In the late 1990s and early 2000s, when an entire cottage industry of self-appointed financial gurus seemed to come out of the national woodwork, it appared as if the experts knew only one way to describe the mortgage rates.

“All-time low” said the impeccable-looking, pearl necklace and pencil skirt realtor-type that happened to be hosting the local news’ consumer report segment. “All-time low” said the friendly local loan officer, offering a candid smile from behind his wood-paneled steel desk and bowl of M&Ms.

“ALL-TIME LOW!” screamed the flyers from the mortgage broker that seemed to litter the floor of every mall food court in America. “All-time low,” said the advice columnists in the papers and the magazines and the blogs. “All-time low” jiggled the letters on the seizure-provoking, insufferable pop-up ads with the dancing monkeys.

“All-time low” became the national mantra, present in every cocktail conversation and every other interstate billboard, and for good reason: the rates were falling. 7.1, 7, 6.9, 6.8. Every week people watched the news or read the paper in anticipation of what had become the great national countdown, at the end of which, like all great national countdowns, there’d presumably be some kind of epic party with screaming and confetti and champagne and making out.
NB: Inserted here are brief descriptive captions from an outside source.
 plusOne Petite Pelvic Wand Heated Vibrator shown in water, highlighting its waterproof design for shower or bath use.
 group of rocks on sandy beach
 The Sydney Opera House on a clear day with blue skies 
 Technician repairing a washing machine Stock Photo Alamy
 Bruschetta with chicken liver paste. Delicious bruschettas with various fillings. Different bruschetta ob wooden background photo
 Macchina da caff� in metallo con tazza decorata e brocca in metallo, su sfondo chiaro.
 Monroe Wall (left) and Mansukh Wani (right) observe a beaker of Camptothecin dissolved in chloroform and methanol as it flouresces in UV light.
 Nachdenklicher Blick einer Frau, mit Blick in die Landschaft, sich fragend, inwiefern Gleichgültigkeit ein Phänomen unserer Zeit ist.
Or at least monkeys being shot into space.

Today, Freddie Mac released the same survey it’s released every Thursday from time immemorial noting the average rate on a 30-year fixed home mortgage had fallen to a (you guessed it) all-time low of 3.94 percent.
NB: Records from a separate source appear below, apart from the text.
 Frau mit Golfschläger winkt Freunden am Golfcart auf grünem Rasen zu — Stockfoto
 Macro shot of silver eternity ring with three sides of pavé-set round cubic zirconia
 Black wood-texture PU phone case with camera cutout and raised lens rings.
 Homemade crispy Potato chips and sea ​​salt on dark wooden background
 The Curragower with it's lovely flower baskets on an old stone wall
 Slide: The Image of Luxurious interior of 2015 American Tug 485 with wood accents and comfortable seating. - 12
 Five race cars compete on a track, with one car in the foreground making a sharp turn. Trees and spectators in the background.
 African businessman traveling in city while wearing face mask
So what happened to the brokers and the Vaseline-shine teeth news anchors telling everyone about it? Why isn’t everyone running to the bank, wrestling the nearest loan officer into submission to get them to sign off on the refinance? Where are the monkeys?

In a cruel, sad statement of our current economic troubles, the vast majority of American borrowers can’t take advantage of the new low rates. Like a tweaking meth-head with a shiny new Allen wrench, banks have tightened, tightened, tightened their credit standards, simultaneously choking off the consumer economy and thumbing their noses at the government, who showered them with trillions in the hopes of increasing liquidity.

Consumers have been turned down for loans so many times, they’re not even asking for them any more. Data from the Mortgage Brokers association released yesterday shows a drop of 4.3 percent in new applications compared to a week ago. Refinance applications were down by 5.2 percent. More generally, the G.19 report released by the Fed in mid-September shows consumers are borrowing less across all categories, the one exception being students taking out federal student loans.

The moment, where an interference in market dynamics leads to a disparity in the supply-and-demand equilibrium, is unprecedented.

Well, not so unprecedented. There was that time in 2008 when, in spite of new discoveries of crude supply outpacing the increase in demand, a barrel of oil peaked at nearly $130, courtesy the Goldman Sachs-engineered manipulation of the commodities market. There was also that time in the late 1990s, when, in spite of record charitable giving to Sudan, warlords caused tens of thousands to die of hunger in that country.

There are examples farther back. Remember reports from the early days after the fall of communism, when cameras caught East Germans walking wide-eyed through West Berlin supermarkets, only to be unable to buy anything because no one knew what their currency was now worth? Remember stories from the Great Depression, about farmers unable to find buyers leaving crops to rot on the fields while people nearly starved in the city?

So, you see, it’s happened before.

In all fairness, it might seem like these “water, water, everywhere and not a drop to drink” examples are a bit dramatic. But before I turn to pondering, as some have recently done, whether our current situation is more like the Great Depression of the 1930s or the Long Depression of the 1870s, I'll note that drama befits the state of things today. Remember where you heard it first: we’re at an all-time low.